Scraped caption text data:

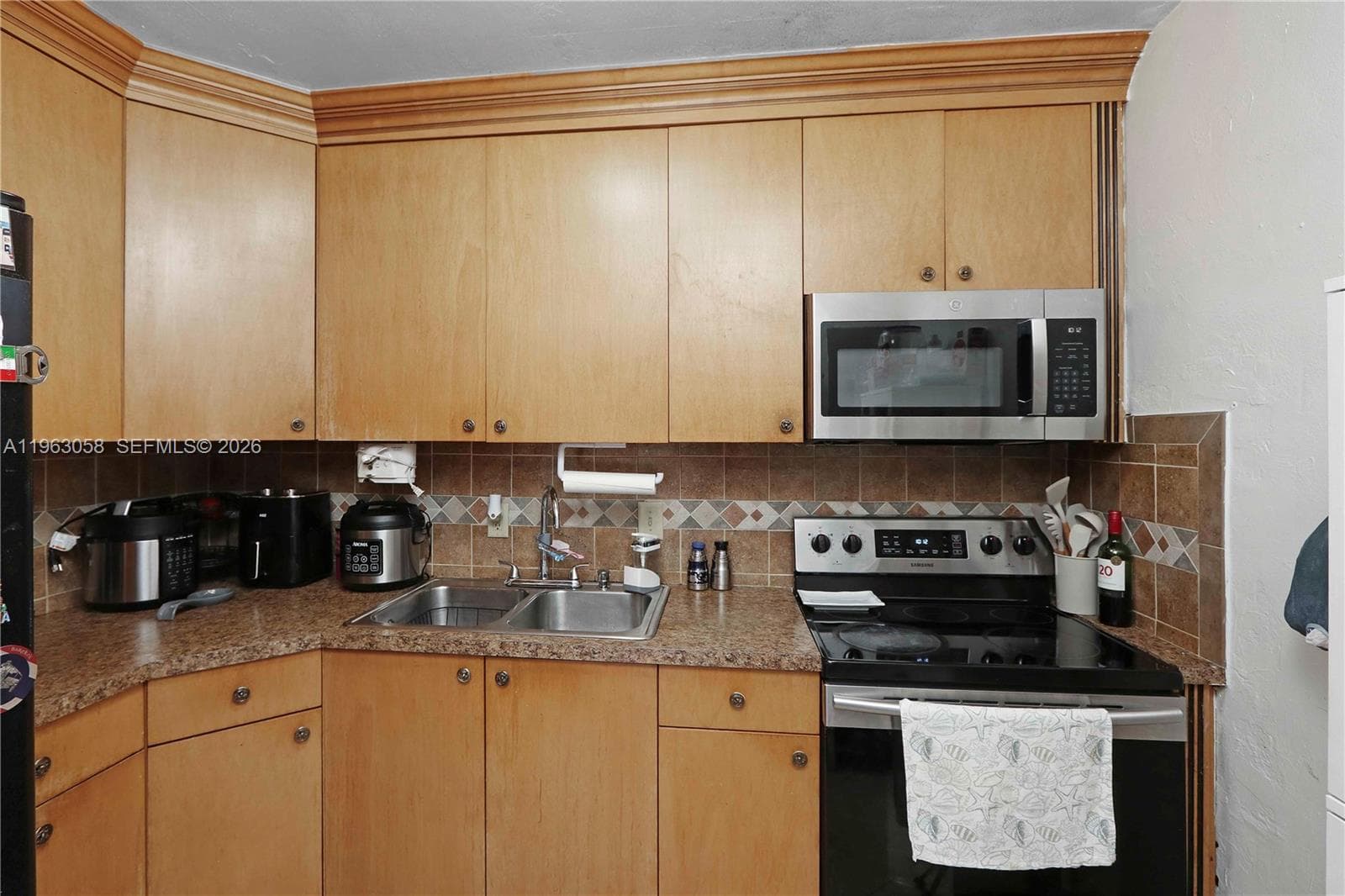 1275 W 35th St # 45B, Hialeah FL 33012 — 6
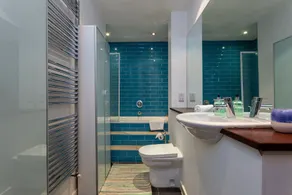 2 Bedroom Loftstyle Apartment - Image 4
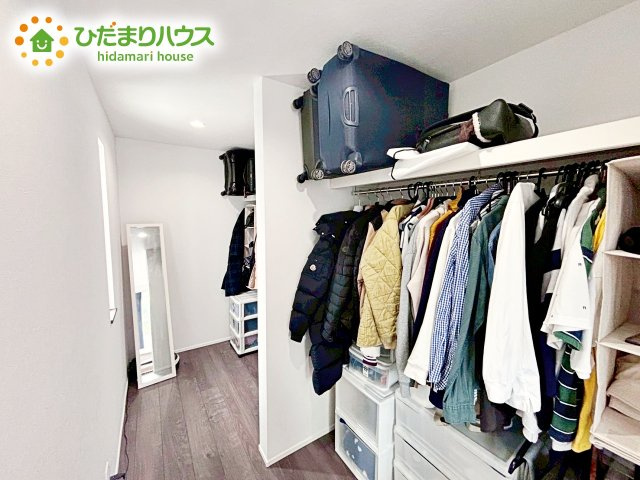 【収納】 | 水戸市元石川町　中古戸建 | 季節ごとの入れ替えが不要なウォークインクローゼットは、こたつや扇風機、またお絵描きや工作などお子様との思い出もたっぷり収納できます。
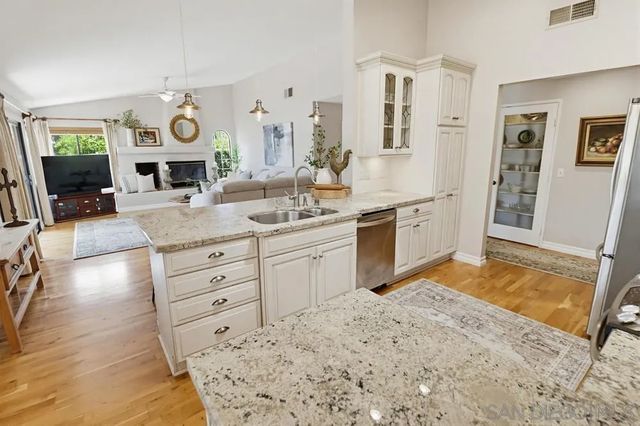 2577 Camino Narciso, Alpine, CA 91901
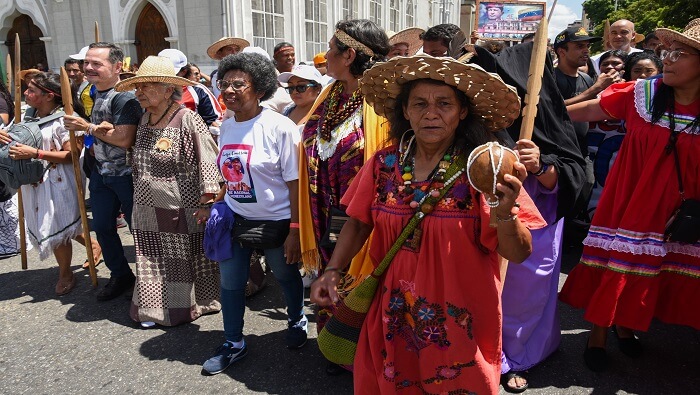 En Venezuela, las comunidades indígenas marcharon en Caracas (capital) desde Parque Carabobo hasta la esquina de San Francisco.
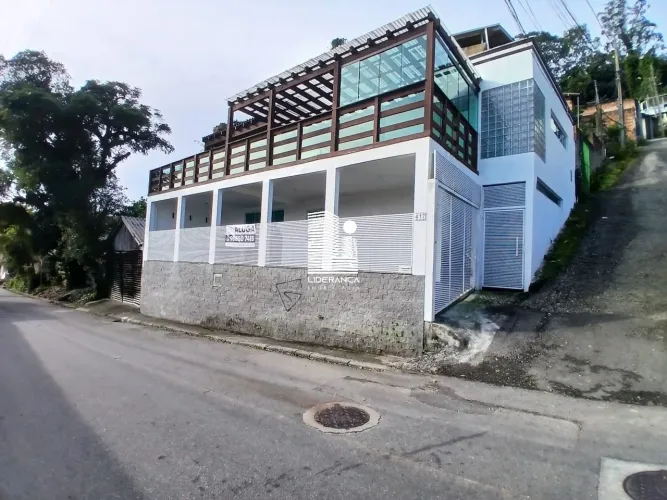 CASA 02 DORMITÓRIOS NO BAIRRO COSTERIA PIRAJUBAÉ
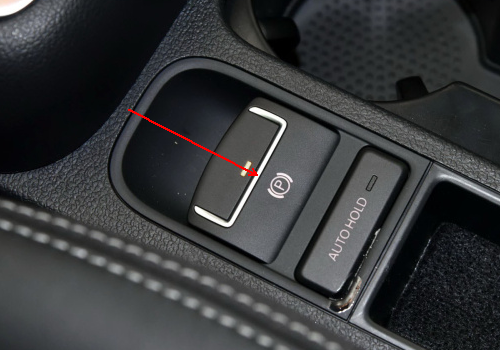 一键启动第一步怎么给车通电呢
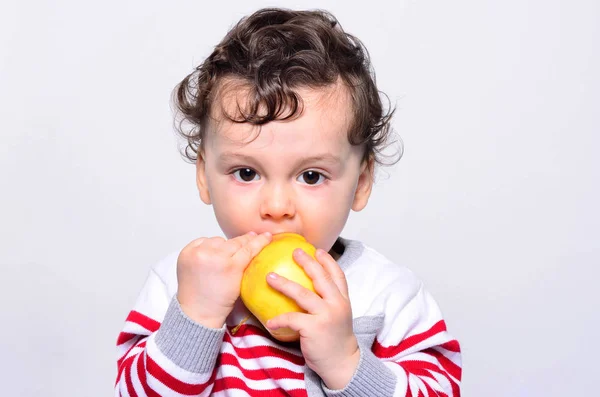 リンゴを食べるかわいい赤ちゃんの肖像画. — ストック写真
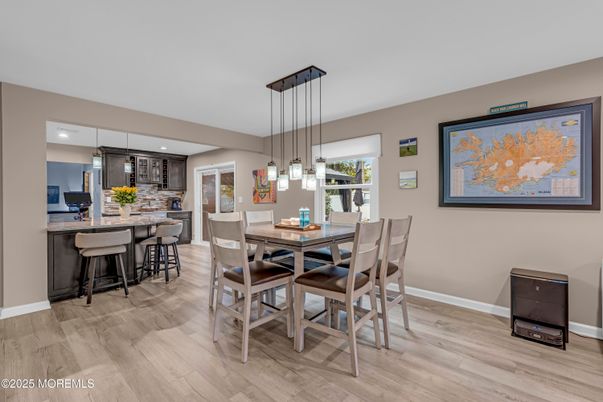 Dining room, Interior, Kitchen, Pendant Lights, Recessed Lighting, Wood Texture Flooring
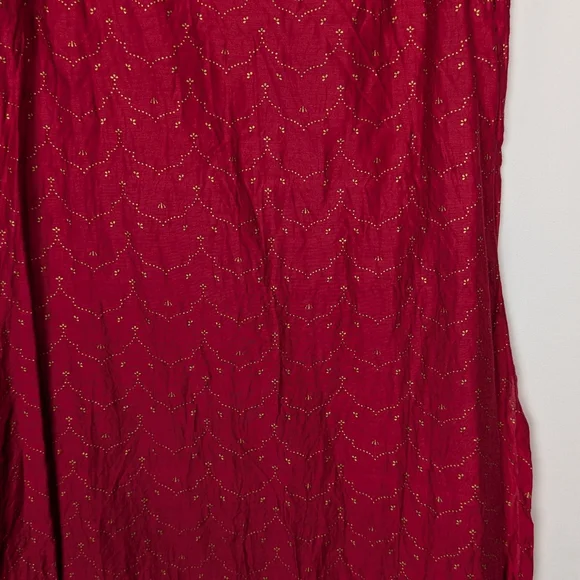 Red Sleeveless Dress - Picture 4 of 12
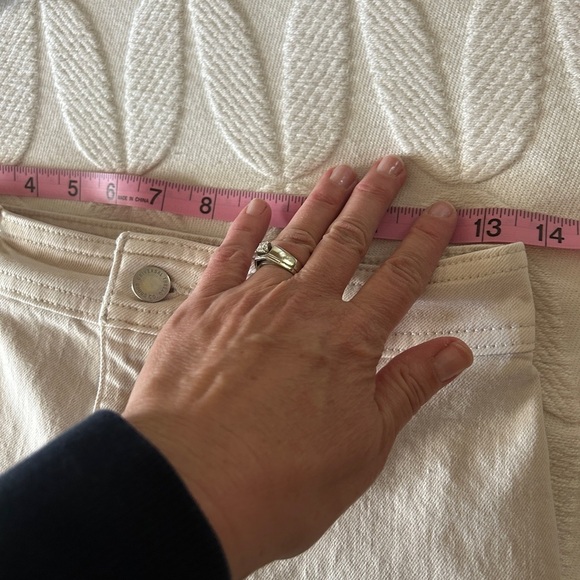 GUC Size 4 Universal Thread cream denim sailor jeans.Wide leg. Spring perfection - Picture 12 of 14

ACTION ITEM =
Beginning at the line that holds "En Venezuela, las" and ending with the last line of the entries, please set down each line exactly, leaving every picture out.

TASK OUTPUT =
 En Venezuela, las comunidades indígenas marcharon en Caracas (capital) desde Parque Carabobo hasta la esquina de San Francisco.
 CASA 02 DORMITÓRIOS NO BAIRRO COSTERIA PIRAJUBAÉ
 一键启动第一步怎么给车通电呢
 リンゴを食べるかわいい赤ちゃんの肖像画. — ストック写真
 Dining room, Interior, Kitchen, Pendant Lights, Recessed Lighting, Wood Texture Flooring
 Red Sleeveless Dress - Picture 4 of 12
 GUC Size 4 Universal Thread cream denim sailor jeans.Wide leg. Spring perfection - Picture 12 of 14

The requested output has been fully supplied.